Rule 3: hotlist immediately on loss or theft

The 3-day zero-liability window for fraud starts at the time you reasonably discovered the loss. Proving you discovered the loss on day 1 is much easier if you hotlisted on day 1.

Hotlist via:

  • Bank's 24×7 customer care.
  • The bank's app.
  • SMS to the bank's hotlist number.
  • The bank's IVR.

Hotlisting takes 60 seconds. Delay costs money.

Rule 4: keep your balance below 30% of your credit limit

Credit utilisation is 30% of your CIBIL score. The threshold: keep your outstanding balance below 30% of your total credit limit. Below 10% is optimal.

If your limit is ₹1 lakh, keep your balance below ₹30,000. Pay before the statement date if you need to.

Rule 5: use the credit card for purchases, not cash advances

The cash advance fee (2.5%–3.5%) and cash advance interest (2.5%–3.5% per month from day one) are brutal. The grace period doesn't apply.

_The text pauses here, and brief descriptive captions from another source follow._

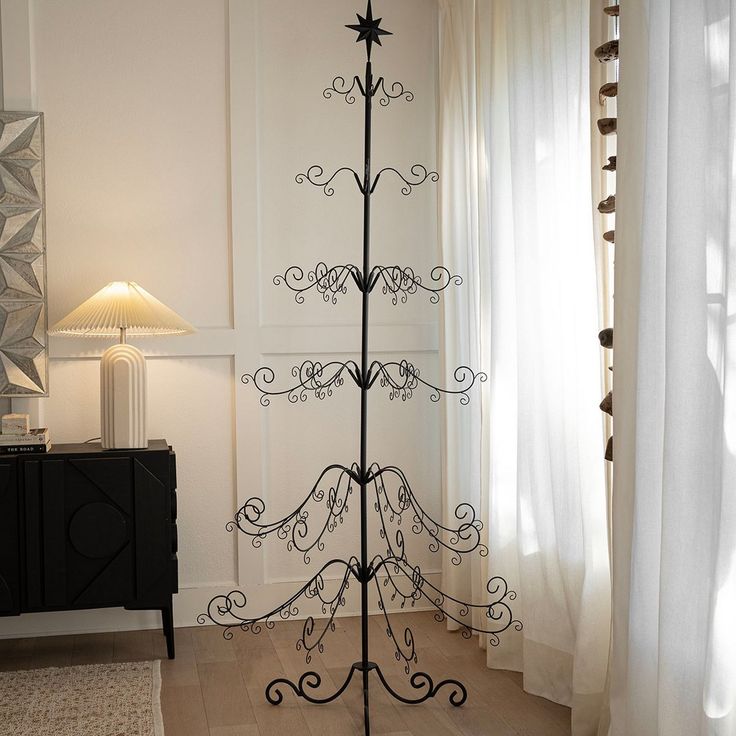 a wrought iron christmas tree stands in the corner of a room next to a window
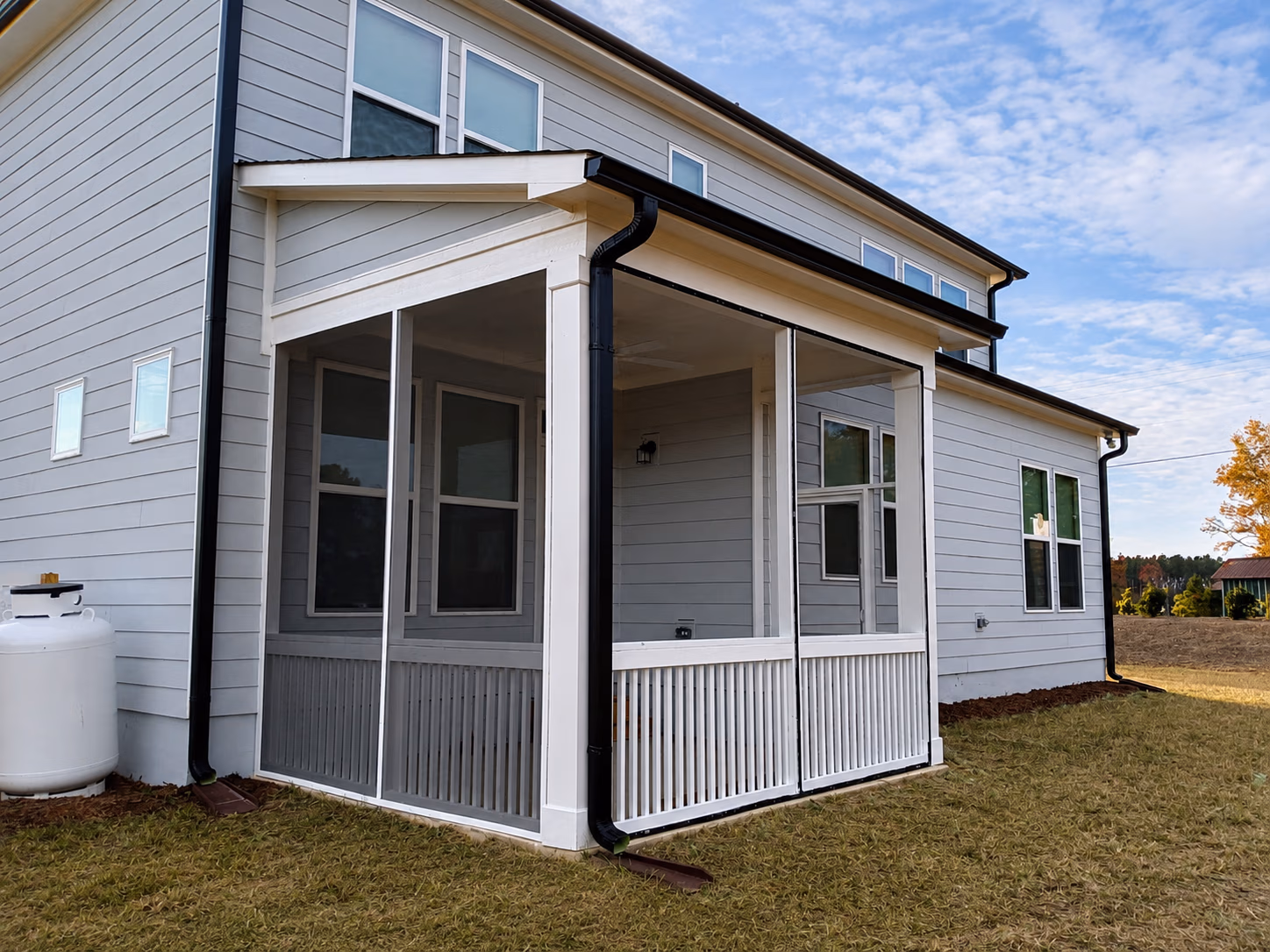 White house with a screened porch and grassy yard under a partly cloudy sky.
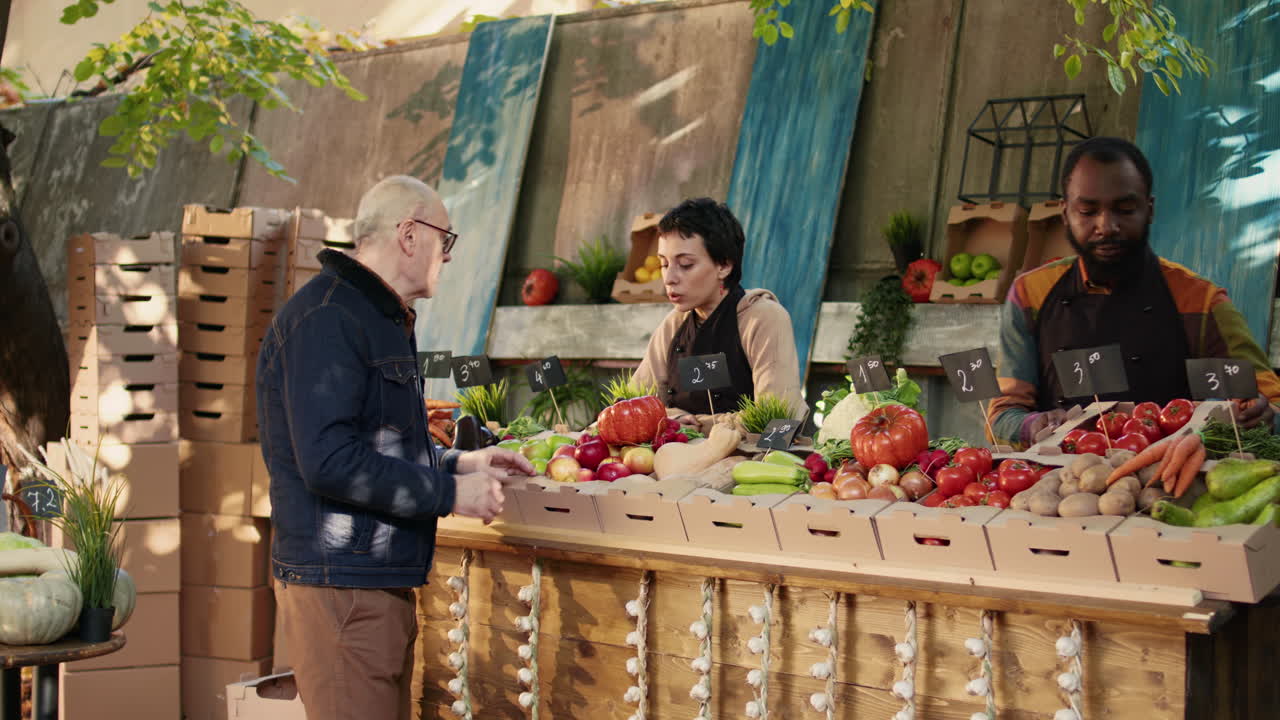 Customer buys produce from a fruit stand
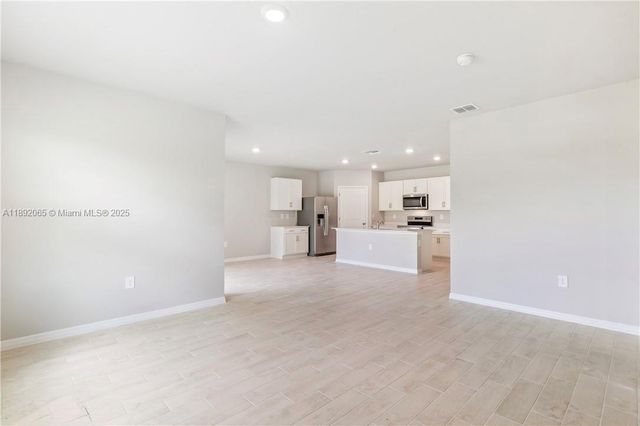 1032 CHAMPION AVE, Lehigh Acres, FL 33971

Use a debit card or a personal loan for cash. Reserve credit cards for purchases.

Rule 6: enable transaction alerts for every transaction

The fastest fraud detection is the alert. Most banks let you set alerts for every transaction (above ₹1). Enable this in your bank's app.

If you see a transaction you didn't make, file a dispute within 3 days.

Rule 7: read your monthly statement

The 5 minutes spent reading your monthly statement is the cheapest fraud-prevention tool available:

  • Verify all transactions are yours.
  • Check reward points are correctly credited.
  • Spot unfamiliar merchants.
  • Confirm the closing balance is right.

Dispute errors within 7 days.

Rule 8: pay by the due date, not just by the minimum amount due

Paying only the minimum avoids the late fee but finance charges continue to accrue. The minimum is a trap, not a feature.

Set up auto-pay for the full statemented balance. The bank will pay on time, every time.

Rule 9: don't close your oldest credit card

Your credit history length is the third-biggest factor in your CIBIL score. Closing your oldest card shortens your credit history.

Keep your oldest card active, even if you don't use it much. A small monthly charge (₹100 utility bill) is enough.

Rule 10: file disputes in writing, not just by phone

A verbal dispute over the phone is logged by the bank, but a written dispute (via the app or email) creates a permanent record. The record matters if you escalate to the Nodal Officer or the Banking Ombudsman.

Use the bank's app's dispute form. It's faster, creates a record, and triggers the RBI's 90-day timeline.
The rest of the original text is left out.